A Foundation for Life

A Foundation for Life

Kaileigh Strong (she/her), Writer

Pray every morning and afternoon. No

makeup. Hands out of your hair. This isn’t a

hair salon. No talking in line. Pay attention

to your teacher. Even if Jesus is standing in

the doorway. Picture day is a formal dress

day, NOT a dress down day. Even if the

picture only shows your shoulders and

above. Don’t wear shorts to gym class until

it’s March or else you will get dress coded.

Stand up and greet your teachers if they

walk in and disturb your class. Do not wear

earrings bigger than a dime. If you go to

church on Sunday, we will reward you with

a pancake breakfast on Monday, because

God only wants you to love him for the

reward. Similarly, if you behave, you will be

awarded the title of Student of the Month.

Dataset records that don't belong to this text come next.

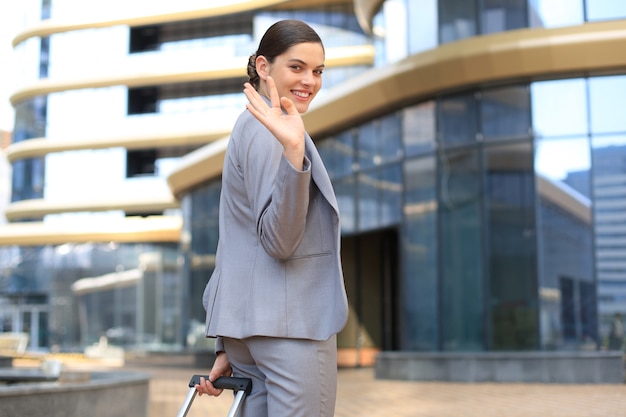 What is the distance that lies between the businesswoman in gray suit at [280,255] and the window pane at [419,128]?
1476 cm

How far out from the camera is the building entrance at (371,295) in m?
21.4

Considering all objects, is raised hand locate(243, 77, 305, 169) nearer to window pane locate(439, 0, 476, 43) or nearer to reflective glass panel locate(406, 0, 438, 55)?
window pane locate(439, 0, 476, 43)

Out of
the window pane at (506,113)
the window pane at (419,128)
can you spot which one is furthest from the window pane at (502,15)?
the window pane at (419,128)

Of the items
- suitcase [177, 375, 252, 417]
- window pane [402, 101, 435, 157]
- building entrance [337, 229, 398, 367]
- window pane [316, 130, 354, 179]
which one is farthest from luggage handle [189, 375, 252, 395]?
building entrance [337, 229, 398, 367]

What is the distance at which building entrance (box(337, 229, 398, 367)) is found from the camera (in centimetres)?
2144

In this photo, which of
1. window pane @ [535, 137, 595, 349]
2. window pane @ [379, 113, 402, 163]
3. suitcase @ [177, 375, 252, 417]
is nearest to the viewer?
suitcase @ [177, 375, 252, 417]

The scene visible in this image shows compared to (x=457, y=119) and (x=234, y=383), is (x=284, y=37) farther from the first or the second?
(x=457, y=119)

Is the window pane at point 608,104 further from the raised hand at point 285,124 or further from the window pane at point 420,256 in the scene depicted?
the raised hand at point 285,124

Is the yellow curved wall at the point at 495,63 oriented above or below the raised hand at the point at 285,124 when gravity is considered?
above

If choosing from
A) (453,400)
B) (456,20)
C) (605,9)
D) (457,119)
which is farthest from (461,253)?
(453,400)

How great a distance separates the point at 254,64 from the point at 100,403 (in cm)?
550

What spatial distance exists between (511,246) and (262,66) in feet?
45.7

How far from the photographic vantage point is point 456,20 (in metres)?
16.5

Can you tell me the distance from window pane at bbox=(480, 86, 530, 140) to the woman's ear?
46.0 ft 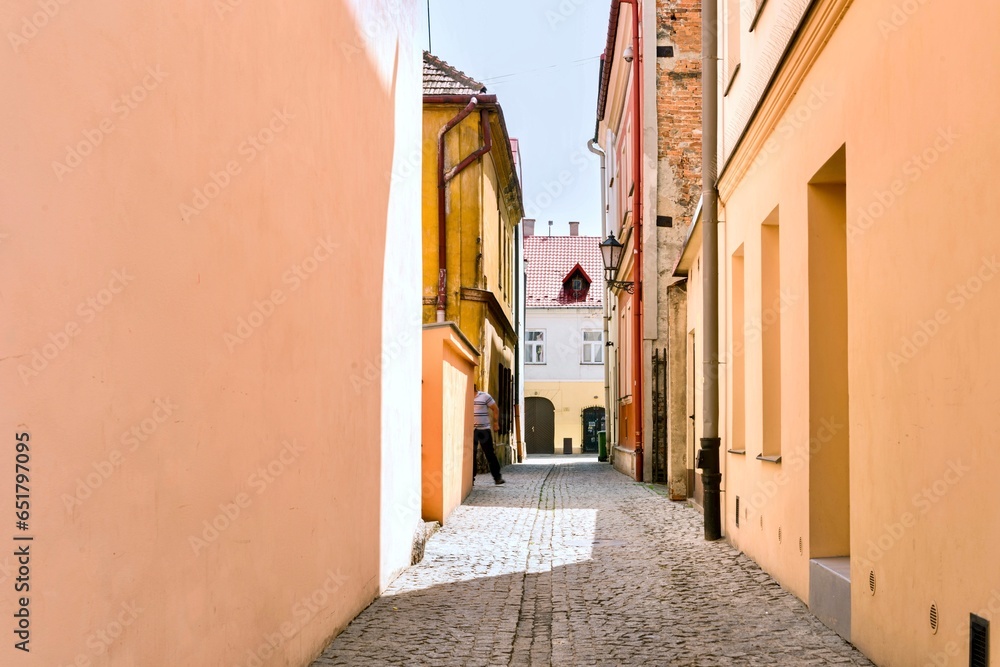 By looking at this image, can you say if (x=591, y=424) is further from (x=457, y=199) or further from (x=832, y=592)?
(x=832, y=592)

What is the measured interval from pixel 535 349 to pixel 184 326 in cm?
4513

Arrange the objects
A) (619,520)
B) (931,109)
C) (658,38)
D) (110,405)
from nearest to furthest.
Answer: (110,405) < (931,109) < (619,520) < (658,38)

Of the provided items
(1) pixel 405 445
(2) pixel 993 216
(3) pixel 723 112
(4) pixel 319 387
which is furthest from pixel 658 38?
(2) pixel 993 216

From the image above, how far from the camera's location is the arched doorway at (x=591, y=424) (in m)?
48.2

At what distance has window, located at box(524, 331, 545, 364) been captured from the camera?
4878 centimetres

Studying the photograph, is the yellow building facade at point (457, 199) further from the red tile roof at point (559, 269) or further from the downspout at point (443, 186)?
the red tile roof at point (559, 269)

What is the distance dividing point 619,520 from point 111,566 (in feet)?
32.6

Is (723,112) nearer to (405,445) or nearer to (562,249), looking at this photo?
(405,445)

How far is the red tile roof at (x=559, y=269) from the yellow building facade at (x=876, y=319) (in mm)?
39725

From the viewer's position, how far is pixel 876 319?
559cm

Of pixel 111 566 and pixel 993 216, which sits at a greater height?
pixel 993 216

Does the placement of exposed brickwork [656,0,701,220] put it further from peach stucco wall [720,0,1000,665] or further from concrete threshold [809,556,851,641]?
concrete threshold [809,556,851,641]

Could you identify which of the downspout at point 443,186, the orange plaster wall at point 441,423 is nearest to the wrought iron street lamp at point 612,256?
the downspout at point 443,186

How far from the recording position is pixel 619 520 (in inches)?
504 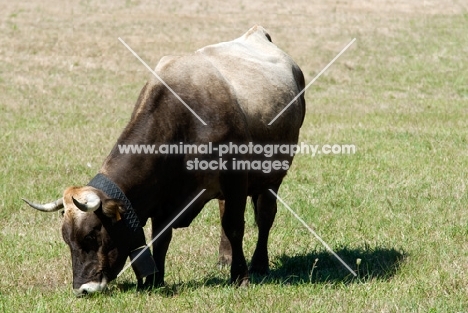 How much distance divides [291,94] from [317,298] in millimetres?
2990

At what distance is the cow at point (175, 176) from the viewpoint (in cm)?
650

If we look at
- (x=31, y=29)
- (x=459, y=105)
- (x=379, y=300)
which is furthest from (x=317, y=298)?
(x=31, y=29)

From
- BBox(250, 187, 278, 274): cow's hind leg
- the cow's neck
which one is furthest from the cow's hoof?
the cow's neck

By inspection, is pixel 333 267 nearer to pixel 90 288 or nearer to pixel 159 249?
pixel 159 249

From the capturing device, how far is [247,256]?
28.7 feet

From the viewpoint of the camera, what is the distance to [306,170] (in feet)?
42.2

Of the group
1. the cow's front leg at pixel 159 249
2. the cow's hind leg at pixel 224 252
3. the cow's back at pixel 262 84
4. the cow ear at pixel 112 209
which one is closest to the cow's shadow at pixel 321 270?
the cow's front leg at pixel 159 249

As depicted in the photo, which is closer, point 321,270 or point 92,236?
point 92,236

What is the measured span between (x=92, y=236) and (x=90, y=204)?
14.4 inches

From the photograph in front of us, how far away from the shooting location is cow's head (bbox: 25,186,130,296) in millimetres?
6402

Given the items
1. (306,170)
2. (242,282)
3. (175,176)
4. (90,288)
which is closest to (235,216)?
(242,282)

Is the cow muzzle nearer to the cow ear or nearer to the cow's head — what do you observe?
the cow's head

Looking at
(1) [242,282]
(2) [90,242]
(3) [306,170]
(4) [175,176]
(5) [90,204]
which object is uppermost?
(5) [90,204]

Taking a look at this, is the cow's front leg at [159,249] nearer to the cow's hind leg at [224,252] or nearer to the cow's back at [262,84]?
the cow's hind leg at [224,252] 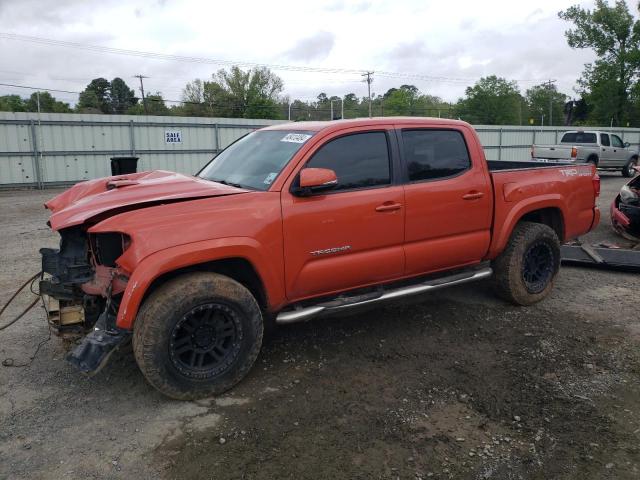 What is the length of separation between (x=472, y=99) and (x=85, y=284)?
76694 millimetres

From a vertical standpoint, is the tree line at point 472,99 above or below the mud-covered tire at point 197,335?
above

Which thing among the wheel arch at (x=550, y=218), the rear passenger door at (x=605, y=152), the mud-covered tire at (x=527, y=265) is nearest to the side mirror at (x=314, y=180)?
the mud-covered tire at (x=527, y=265)

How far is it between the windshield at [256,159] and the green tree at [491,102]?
71.2m

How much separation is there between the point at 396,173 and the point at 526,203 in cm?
160

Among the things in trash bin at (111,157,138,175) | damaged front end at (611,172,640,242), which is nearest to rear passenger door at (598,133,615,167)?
damaged front end at (611,172,640,242)

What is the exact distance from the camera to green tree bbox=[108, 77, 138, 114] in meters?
65.9

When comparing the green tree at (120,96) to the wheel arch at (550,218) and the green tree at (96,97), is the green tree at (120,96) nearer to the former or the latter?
the green tree at (96,97)

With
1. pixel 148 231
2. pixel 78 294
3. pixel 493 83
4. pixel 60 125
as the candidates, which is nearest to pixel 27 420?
pixel 78 294

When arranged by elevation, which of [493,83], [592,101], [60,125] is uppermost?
[493,83]

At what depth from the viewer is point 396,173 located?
4.41 metres

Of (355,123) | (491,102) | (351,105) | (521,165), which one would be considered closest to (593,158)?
(521,165)

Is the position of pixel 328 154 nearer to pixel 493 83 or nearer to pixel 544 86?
pixel 493 83

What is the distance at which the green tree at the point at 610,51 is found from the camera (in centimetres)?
4497

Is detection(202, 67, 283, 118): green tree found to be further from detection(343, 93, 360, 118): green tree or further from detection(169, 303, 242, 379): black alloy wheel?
detection(169, 303, 242, 379): black alloy wheel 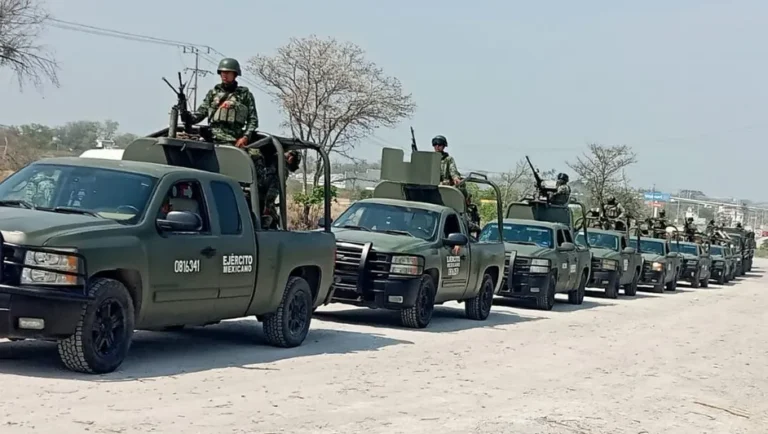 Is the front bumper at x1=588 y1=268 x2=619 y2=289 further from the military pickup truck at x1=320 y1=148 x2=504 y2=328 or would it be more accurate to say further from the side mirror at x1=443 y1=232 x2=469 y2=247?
the side mirror at x1=443 y1=232 x2=469 y2=247

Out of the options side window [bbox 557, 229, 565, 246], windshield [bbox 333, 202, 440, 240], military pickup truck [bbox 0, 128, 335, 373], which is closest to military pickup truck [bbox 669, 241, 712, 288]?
side window [bbox 557, 229, 565, 246]

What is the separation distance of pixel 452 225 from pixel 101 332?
843 centimetres

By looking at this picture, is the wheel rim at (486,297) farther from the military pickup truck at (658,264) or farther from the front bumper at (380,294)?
the military pickup truck at (658,264)

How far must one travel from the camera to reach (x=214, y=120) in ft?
41.9

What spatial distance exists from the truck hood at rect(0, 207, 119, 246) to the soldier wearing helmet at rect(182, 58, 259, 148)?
11.4 feet

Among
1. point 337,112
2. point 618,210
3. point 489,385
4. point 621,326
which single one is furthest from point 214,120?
point 337,112

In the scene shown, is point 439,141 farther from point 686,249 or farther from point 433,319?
point 686,249

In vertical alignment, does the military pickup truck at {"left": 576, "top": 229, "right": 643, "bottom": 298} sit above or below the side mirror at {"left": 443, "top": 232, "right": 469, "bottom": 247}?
below

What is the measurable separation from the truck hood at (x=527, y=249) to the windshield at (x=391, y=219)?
5057 mm

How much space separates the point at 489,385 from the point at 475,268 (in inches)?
276

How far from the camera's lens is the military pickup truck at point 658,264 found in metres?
32.9

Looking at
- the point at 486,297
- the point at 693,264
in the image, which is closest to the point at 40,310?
the point at 486,297

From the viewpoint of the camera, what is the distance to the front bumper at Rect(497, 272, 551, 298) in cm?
2097

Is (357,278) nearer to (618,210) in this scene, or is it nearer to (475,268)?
(475,268) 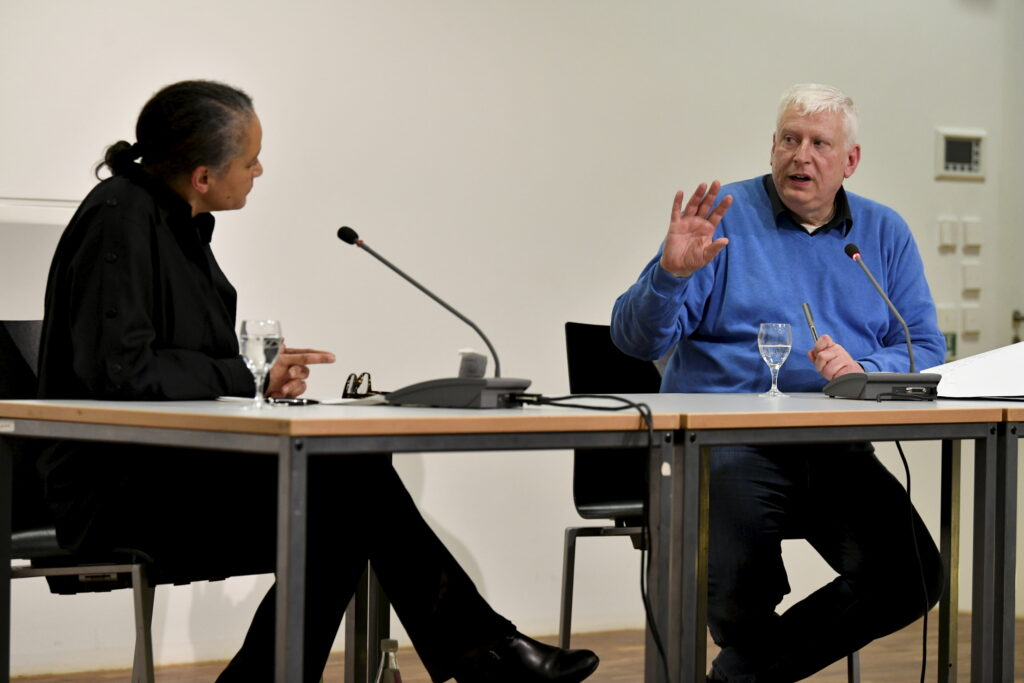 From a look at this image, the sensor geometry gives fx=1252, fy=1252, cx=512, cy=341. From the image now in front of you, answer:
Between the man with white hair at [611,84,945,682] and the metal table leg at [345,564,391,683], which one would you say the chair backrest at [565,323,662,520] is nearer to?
the man with white hair at [611,84,945,682]

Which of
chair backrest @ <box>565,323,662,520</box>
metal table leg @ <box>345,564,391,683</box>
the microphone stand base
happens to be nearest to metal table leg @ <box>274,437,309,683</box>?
the microphone stand base

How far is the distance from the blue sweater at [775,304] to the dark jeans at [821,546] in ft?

The best behaved children are motivated by

the praise. We will assign a coloring page

for homework to alleviate your stress instead

of lowering your overbearing workload which

is keeping you, a middle schooler, up

until midnight. The project isn’t due until

Friday but if you finish early, feel free to

turn it in early as well. If you turn it in early,

you will be commended and anyone who

turns it in on Friday, the due date, will be

frowned upon. You can’t eat during class,

but if you’re lucky you’ll get to watch your

teachers eating during class.


Author’s statement:

The goal of this piece was to call out, or criticize something we were taught. I chose to target my Catholic school education. I intended to use sarcasm to chastise many of the morals I was taught in elementary school and middle school. There are many teachings that exist just for the sake of tradition, and not because they have any value. The motivation behind them is usually there for an ethical reason, but the execution is not the best. I used irony in the line “If you go to church on Sunday, we will reward you with a pancake breakfast on Monday, because God only wants you to love him for the reward.” This is ironic because they teach you in Catholic school that God does not want us to be motivated by the reward to love him. Throughout this piece I made sure I framed it in a way that illustrated how the practices of Catholic school were contradictory. I give an example of this in the piece when I call out the coloring page homework. Teachers constantly told me that I should not be staying up until midnight completing homework, but they never changed anything of what was actually keeping me up until midnight. Their solution was to assign coloring pages to alleviate the stress. By doing this, I became more stressed about completing, in my opinion, useless coloring pages. In a way, my teachers’ solution to having too much work was to give me more work (in the form of coloring). Through writing this piece, my goal was to free myself of everything I had been taught.